Non-Human Identities Explained_ APIs, Bots, and Service Accounts

Modern enterprise environments are no longer driven solely by human users logging into systems. Today, applications, APIs, cloud workloads, automation tools, bots, and AI-driven systems continuously authenticate and interact with infrastructure behind the scenes. 

These machine-driven identities power nearly every aspect of modern business operations, from cloud deployments and software integrations to financial workflows and customer support automation.

Non-human identities are digital identities used by applications, APIs, bots, and service accounts to authenticate and access systems automatically. They often outnumber human users and require governance to prevent excessive permissions, credential exposure, and compliance risk.

As cloud adoption and enterprise automation continue to expand, organizations are realizing that securing human users alone is no longer enough.

Understanding non human identities explained is now essential for IAM teams, cloud architects, compliance leaders, and security professionals attempting to manage modern access risk.

What Are Non-Human Identities?

What are non-human identities? Non-human identities are digital identities assigned to applications, workloads, services, automation platforms, APIs, and machine-driven processes that require authenticated access to systems or data.

Unlike human identities tied to employees or contractors, machine identities operate programmatically. They authenticate systems, exchange data, invoke APIs, deploy infrastructure, run automation tasks, and interact with enterprise applications without direct human involvement.

These identities typically rely on credentials such as API keys, certificates, OAuth tokens, secrets, or workload authentication mechanisms to prove identity and gain authorized access.

The scale of these identities has grown dramatically in recent years. Cloud-native architectures, Kubernetes environments, DevOps pipelines, SaaS integrations, robotic process automation, and AI systems all depend heavily on workload identities operating continuously across distributed infrastructure.

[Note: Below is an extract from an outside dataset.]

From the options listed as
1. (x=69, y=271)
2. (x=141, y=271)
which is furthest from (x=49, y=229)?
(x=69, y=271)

In many organizations, non-human identities now outnumber human users several times over. Yet despite their growth, governance maturity around these identities often remains limited.

A mature identity governance and administration program helps organizations bring non-human identities under the same governance discipline as human users by centralizing ownership, entitlement visibility, access reviews, policy enforcement, and audit evidence.

Why Non-Human Identities Matter

Non-human identities have become foundational to how modern enterprises operate. Without them, organizations would struggle to support automation, cloud scalability, application integrations, and continuous delivery environments.

These identities enable systems to communicate securely and perform operational tasks automatically. APIs exchange information between applications, service accounts manage background services, automation bots handle repetitive business workflows, and cloud workloads dynamically provision resources across environments.

The challenge is that these identities often operate continuously with elevated permissions. Unlike human users who authenticate intermittently, non-human identities may remain active 24 hours a day across production systems, databases, cloud environments, and sensitive enterprise applications.

This creates significant governance challenges. Many organizations lack centralized visibility into how many machine identities exist, who owns them, what permissions they possess, or whether those permissions are still necessary.

The growth of AI and automation is accelerating this issue even further. Modern AI systems increasingly function as autonomous operational entities capable of interacting with multiple systems simultaneously. As a result, machine identity security is rapidly becoming one of the most critical areas of enterprise identity governance.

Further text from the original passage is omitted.